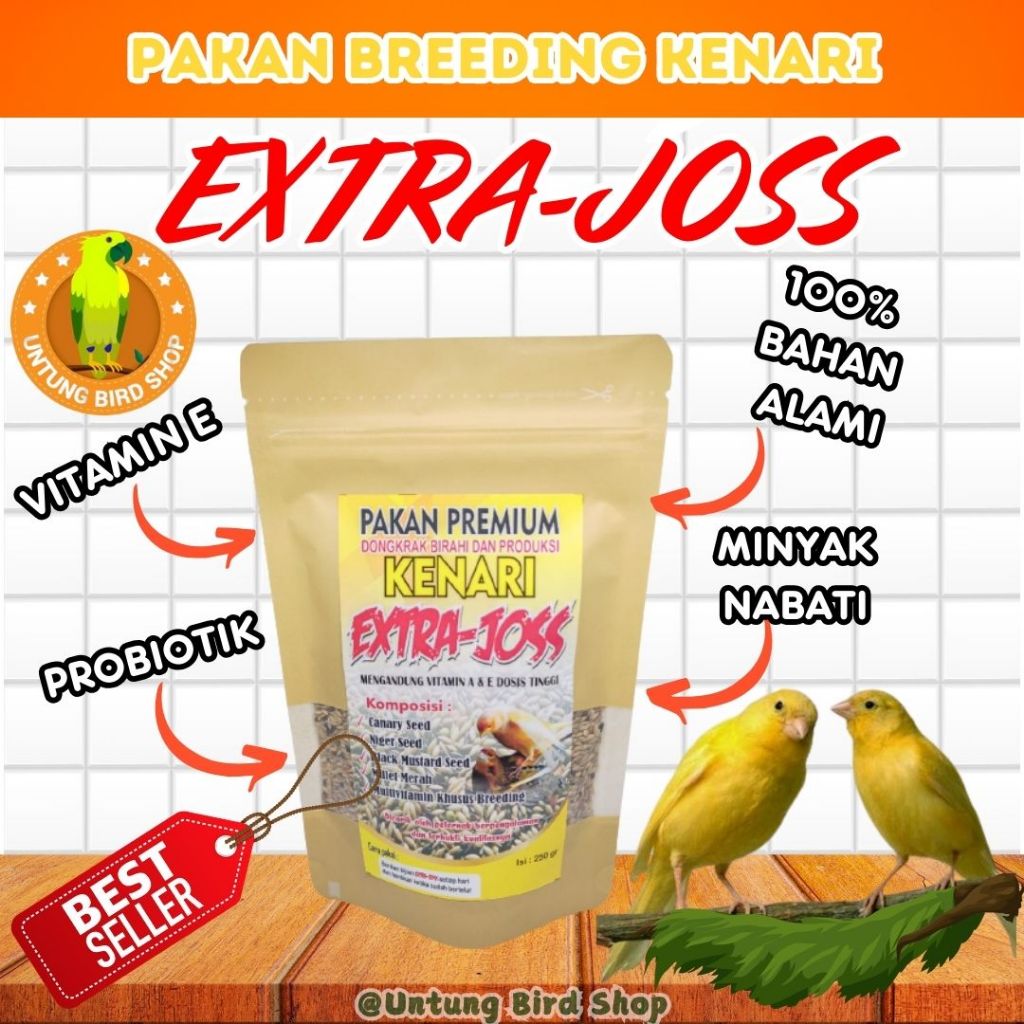 TERMURAH Pakan Ternak Kenari Pakan Extra Joss Kenari Pakan Breeding Kenari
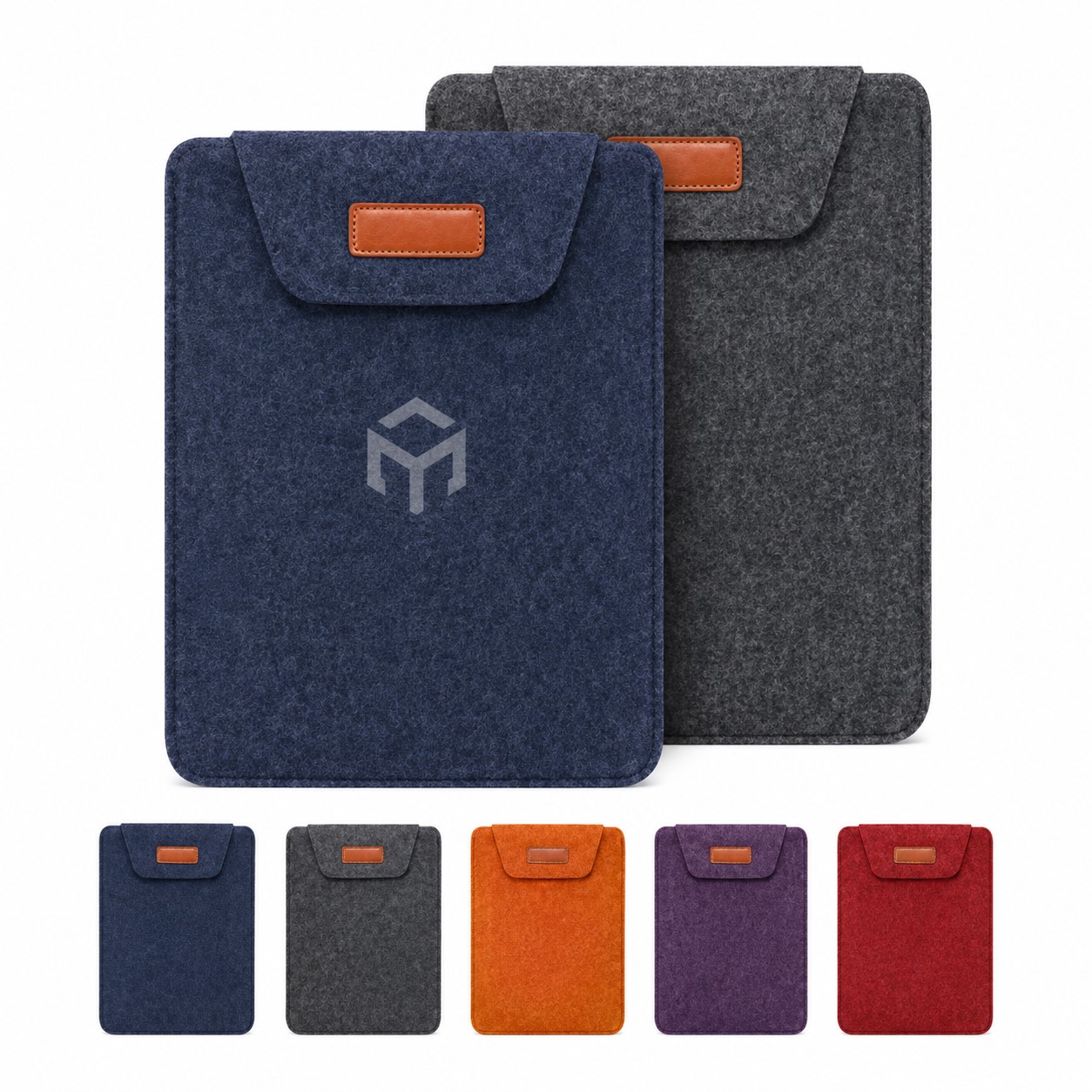 Synthetic Rubber Flap Tablet And Laptop Sleeve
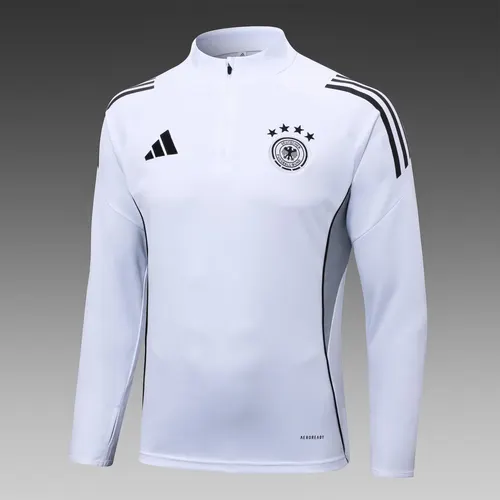 Ensemble d'entraînement demi-zip blanc Allemagne 2025 — view 3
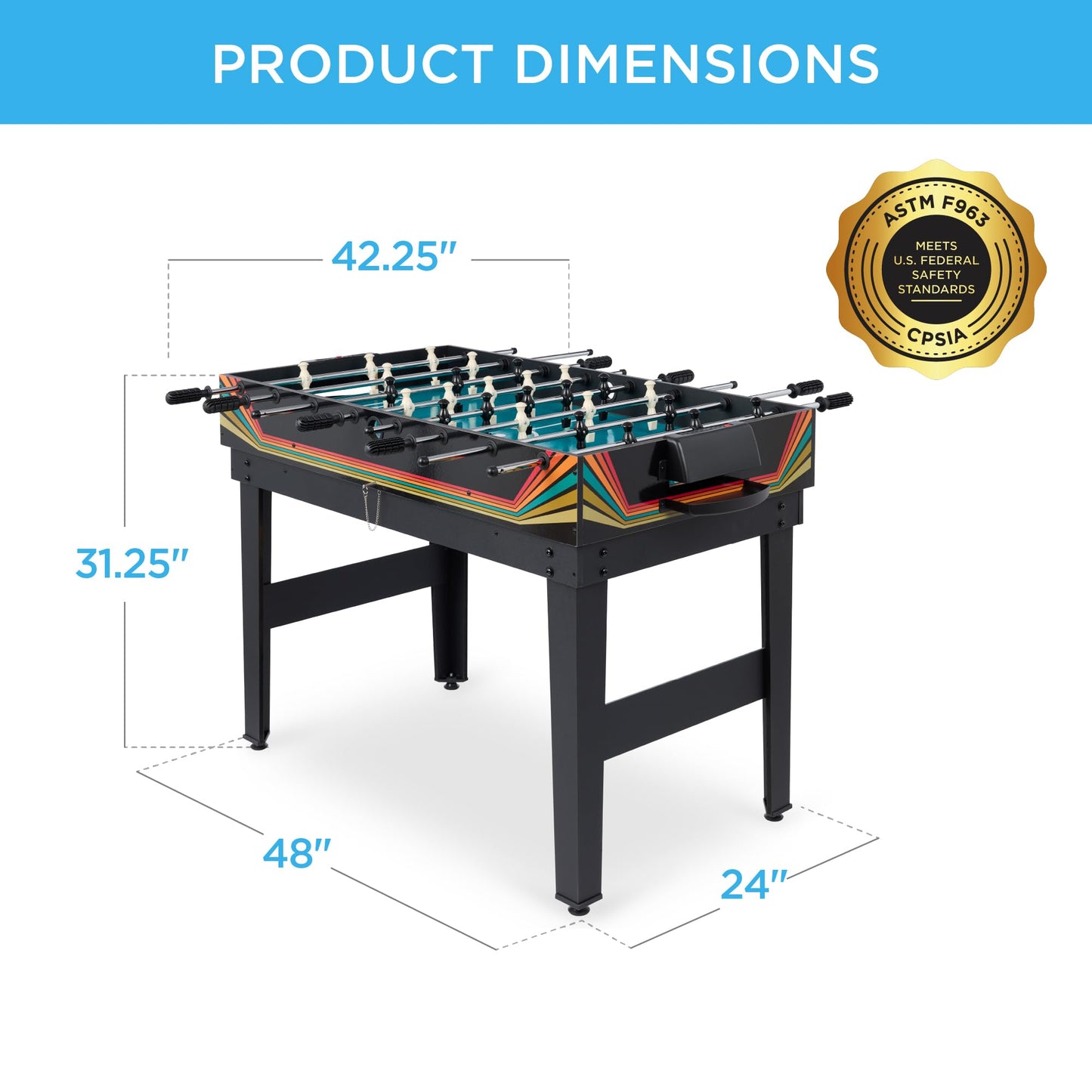 Multi Game Table Set for Family Game Room Fun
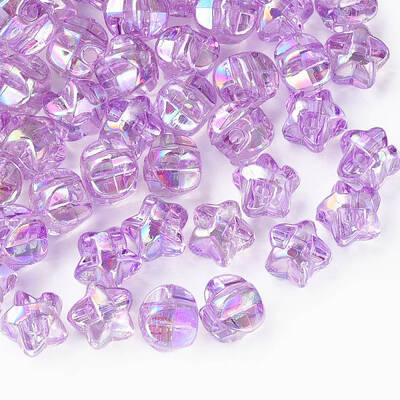 1-Hole Transparent Acrylic Buttons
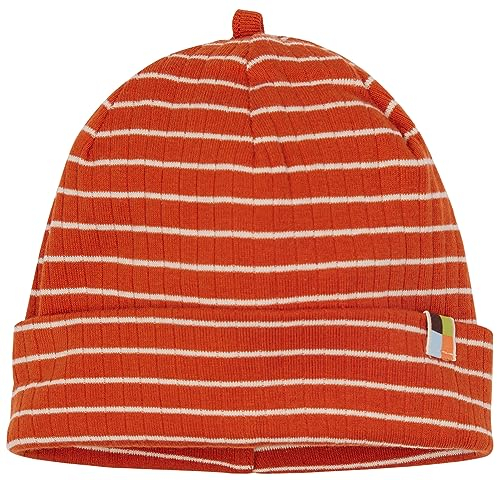 loud + proud Unisex Kinder Derby Rib, GOTS Zertifiziert Beanie-Mütze, Terracotta, 49-50 EU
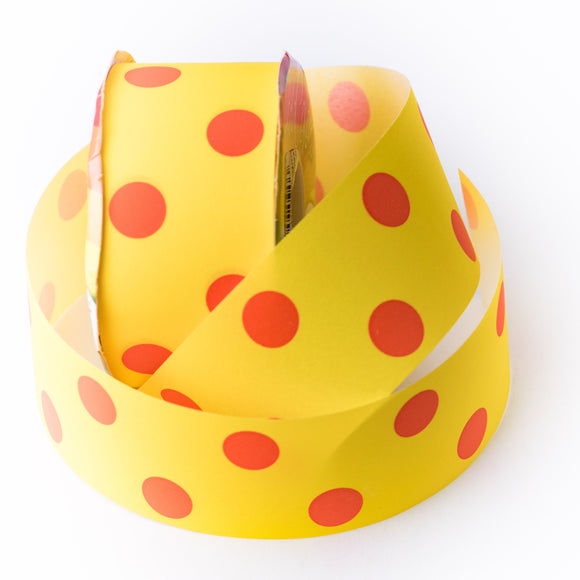 LISTÓN CÍRCULOS AMARILLO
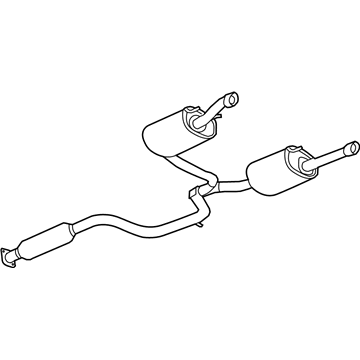 Chevy 25794071 Muffler With Tail Pipe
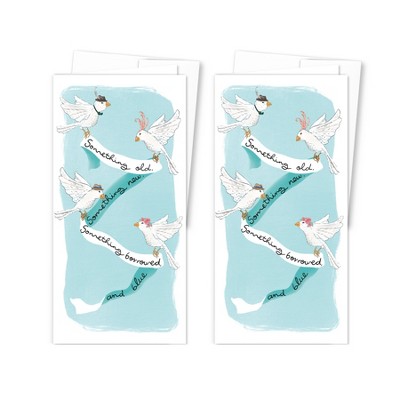 2ct Something Old, New, Borrowed and Blue Long Greeting Card Pack by Ramus & Co
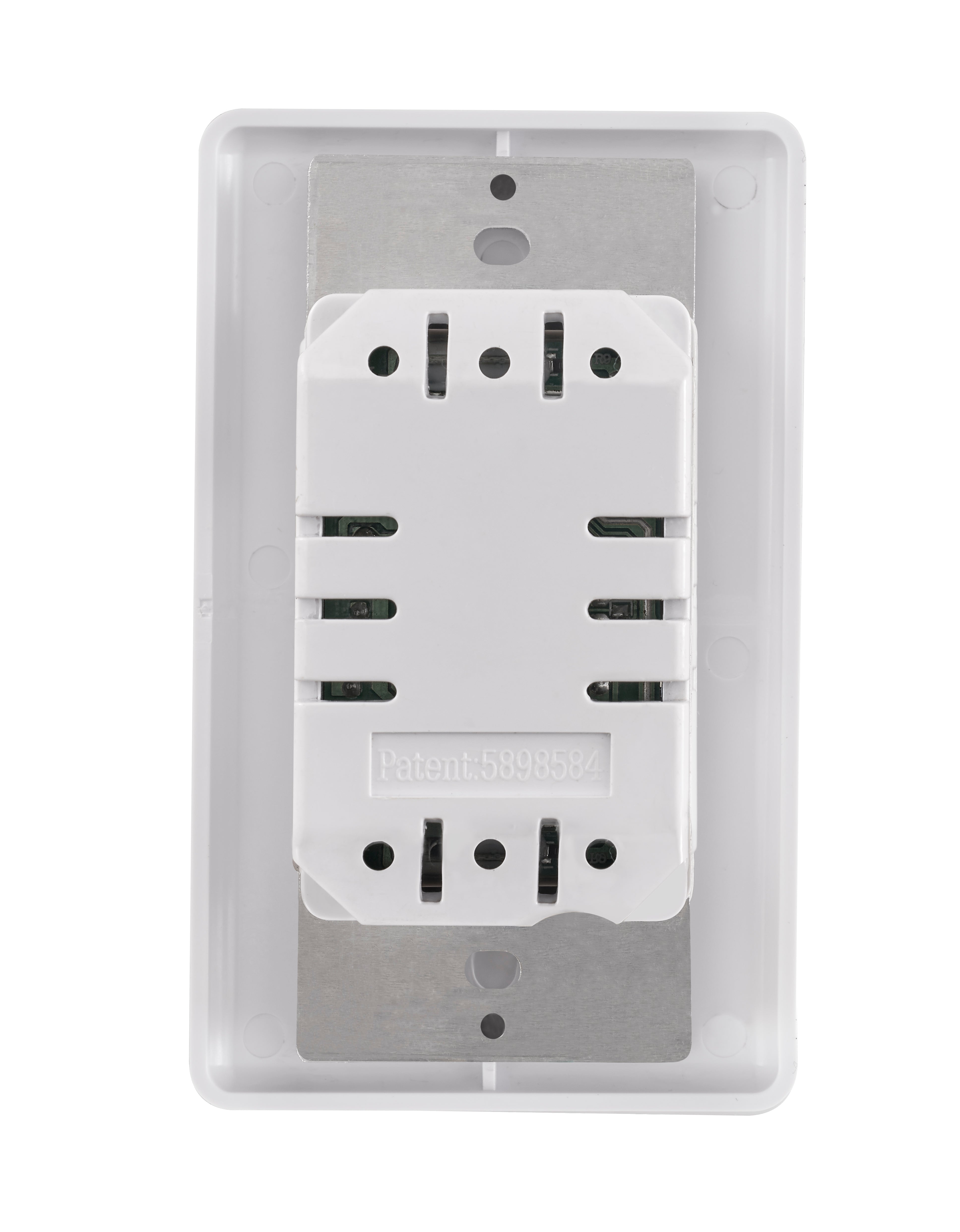 Back view of Arranmore In-Wall Remote Control for Cormac & Ravian Ceiling Fans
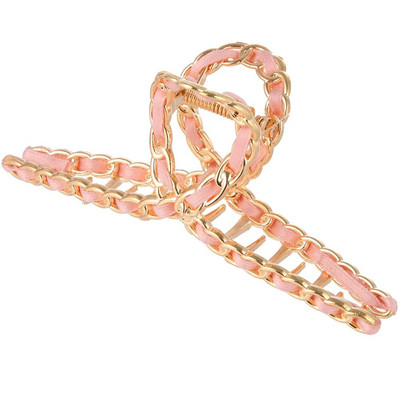 IPARAM 2021 New Ins Metal HollowGeometric Hair Claw Ladies Cross Crab Bath Clip for Women Fashion Girl Headwear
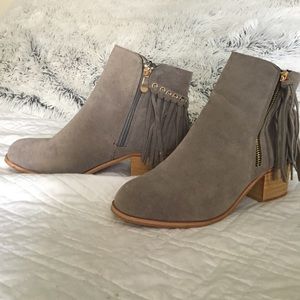 Faux Suede Booties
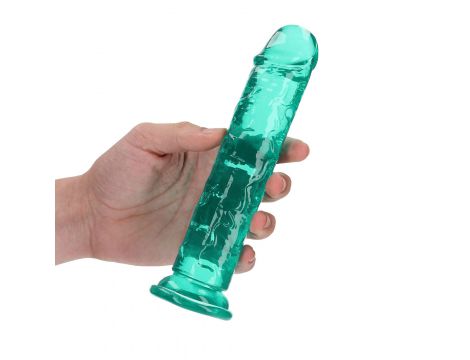 Dildo realistyczne proste z przyssawką RealRock transparentne 18 cm - 3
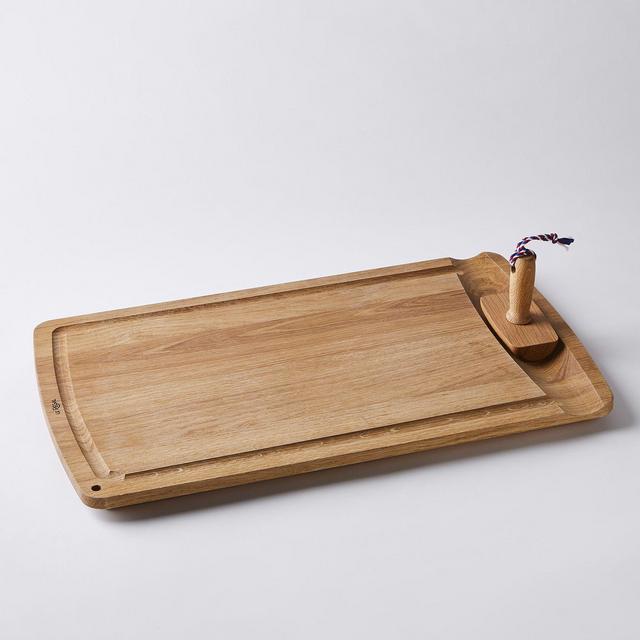 French Oak Cutting Board & Pestle
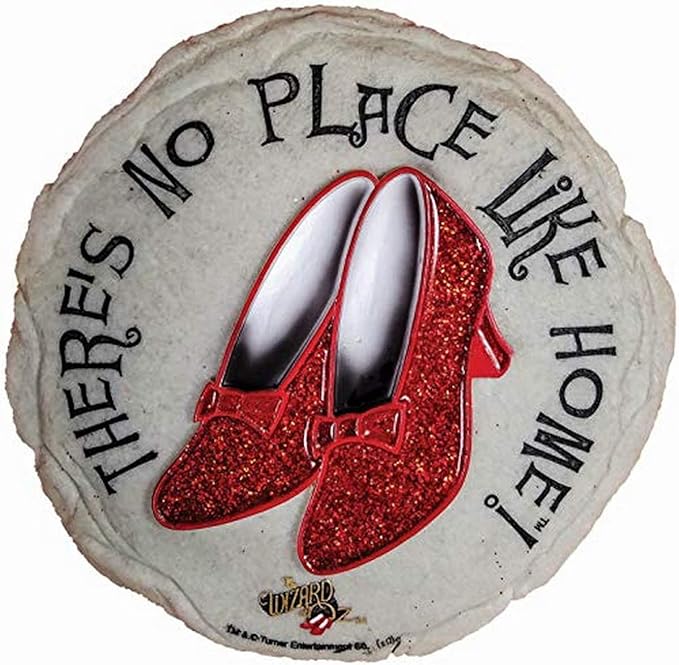 Spoontiques Ruby Slippers Stepping Stone - Wizard of Oz Decorative Garden Stone for Yard, Patio, Garden or Walkway - Outdoor or Indoor Home Decor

=======

● PROBLEM DETAILS: An exact copy of the entries, without any pictures, is what the answer should be.

● RESULT OF THIS EXERCISE:
 TERMURAH Pakan Ternak Kenari Pakan Extra Joss Kenari Pakan Breeding Kenari
 Synthetic Rubber Flap Tablet And Laptop Sleeve
 Ensemble d'entraînement demi-zip blanc Allemagne 2025 — view 3
 Multi Game Table Set for Family Game Room Fun
 1-Hole Transparent Acrylic Buttons
 loud + proud Unisex Kinder Derby Rib, GOTS Zertifiziert Beanie-Mütze, Terracotta, 49-50 EU
 LISTÓN CÍRCULOS AMARILLO
 Chevy 25794071 Muffler With Tail Pipe
 2ct Something Old, New, Borrowed and Blue Long Greeting Card Pack by Ramus & Co
 Back view of Arranmore In-Wall Remote Control for Cormac & Ravian Ceiling Fans
 IPARAM 2021 New Ins Metal HollowGeometric Hair Claw Ladies Cross Crab Bath Clip for Women Fashion Girl Headwear
 Faux Suede Booties
 Dildo realistyczne proste z przyssawką RealRock transparentne 18 cm - 3
 French Oak Cutting Board & Pestle
 Spoontiques Ruby Slippers Stepping Stone - Wizard of Oz Decorative Garden Stone for Yard, Patio, Garden or Walkway - Outdoor or Indoor Home Decor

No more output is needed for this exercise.